13. The recombinant protease of any one of claims 1-12, wherein the autolysis resistance of the protease is enhanced by at least 5%, at least 10%, at least 15%, at least 20%, at least 25%, at least 30%, at least 35%, at least 40%, at least 45%, at least 50%, at least 55%, at least 60%, at least 65%, at least 70%, at least 75%, at least 80%, at least 85%, at least 90%, at least 95%, or 100% as compared to the autolysis resistance of the protease in the absence of the one or more conservative substitutions.

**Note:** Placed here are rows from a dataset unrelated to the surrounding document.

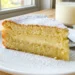 Lemon Custard Magic Cake Recipe (3 Layers, 1 Batter)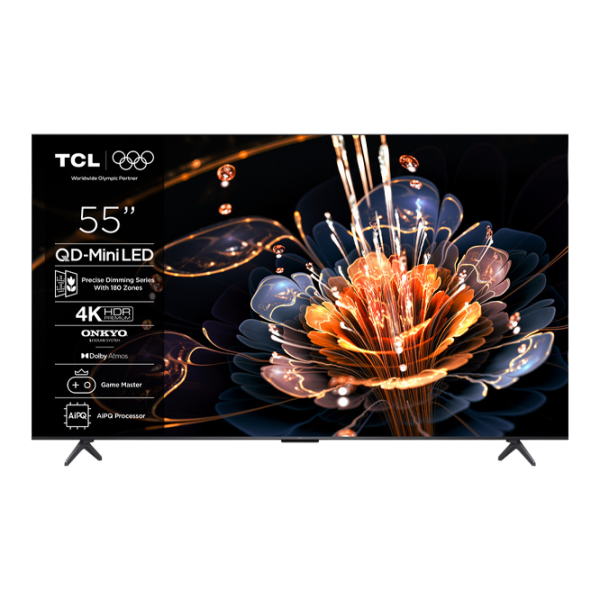 Televizor TCL 55C61KS Smart TV 4K Black 55" | QD MiniLED | 4K photo 1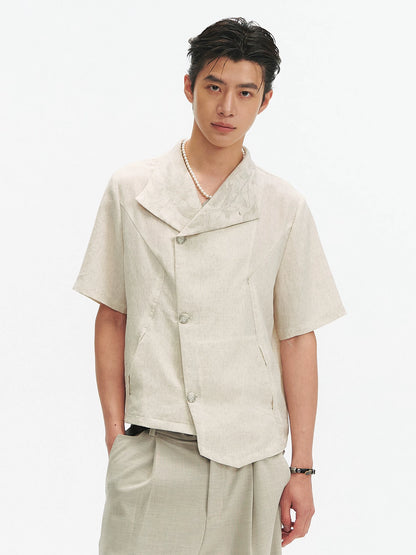 DECONSTRUCTED JACQUARD SHIRTS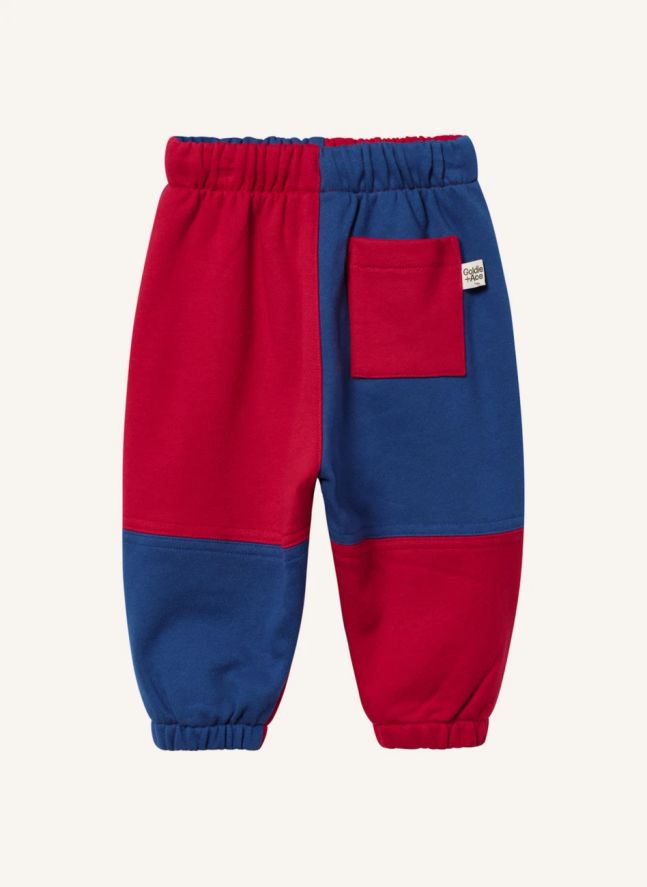 Jogger Colorblock | Rouge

14. The recombinant protease of any one of claims 1-13, wherein the protease comprises one or more chemical modifications.

15. The recombinant protease of claim 14, wherein the one or more chemical modifications comprise an alkyl moiety, acetyl moiety, amide moiety, ester moiety, imine moiety, amidino moiety, guanidino moiety, or thioether moiety.

16. The recombinant protease of claim 15, wherein the alkyl moiety is selected from the group consisting of a methyl moiety, dimethyl moiety, octanal moiety, and cyclodextrin monoaldehyde moiety.

17. The recombinant protease of any one of claims 1-16, wherein the protease is a porcine, bovine, rat, murine, human, avian, bacterial, fungal, plant, artificial, or synthetic protease.

18. The recombinant protease of any one of claims 1-17, wherein an active site of the protease is free of amino acid substitutions.

19. The recombinant protease of any one of claims 1, 4-7, or 13-18, wherein the protease comprises an amino acid sequence of SEQ ID NO: 2 or SEQ ID NO: 4.

20. The recombinant protease of any one of claims 2, 4, 5, 8, 9, 10, or 13-14, wherein the protease comprises an amino acid sequence of SEQ ID NO: 6 or SEQ ID NO: 7.

21. The recombinant protease of any one of claims 3, 4, 5, or 11-20, wherein the protease comprises an amino acid sequence of SEQ ID NO: 9.

22. A method of reducing a level of peptide byproducts of protease autolysis in an analytical assay, the method comprising the use of the recombinant protease of any one of claims 1-21.

23. The method of claim 22, wherein the analytical assay is selected from the group consisting of liquid chromatography (LC), LC-mass spectrometry (LC-MS), LC-UV, capillary electrophoresis (CE), gel electrophoresis (GE), and matrix-assisted laser desorption/ionization (MALDI).

24. The method of claim 23, wherein the analytical assay is LC-MS.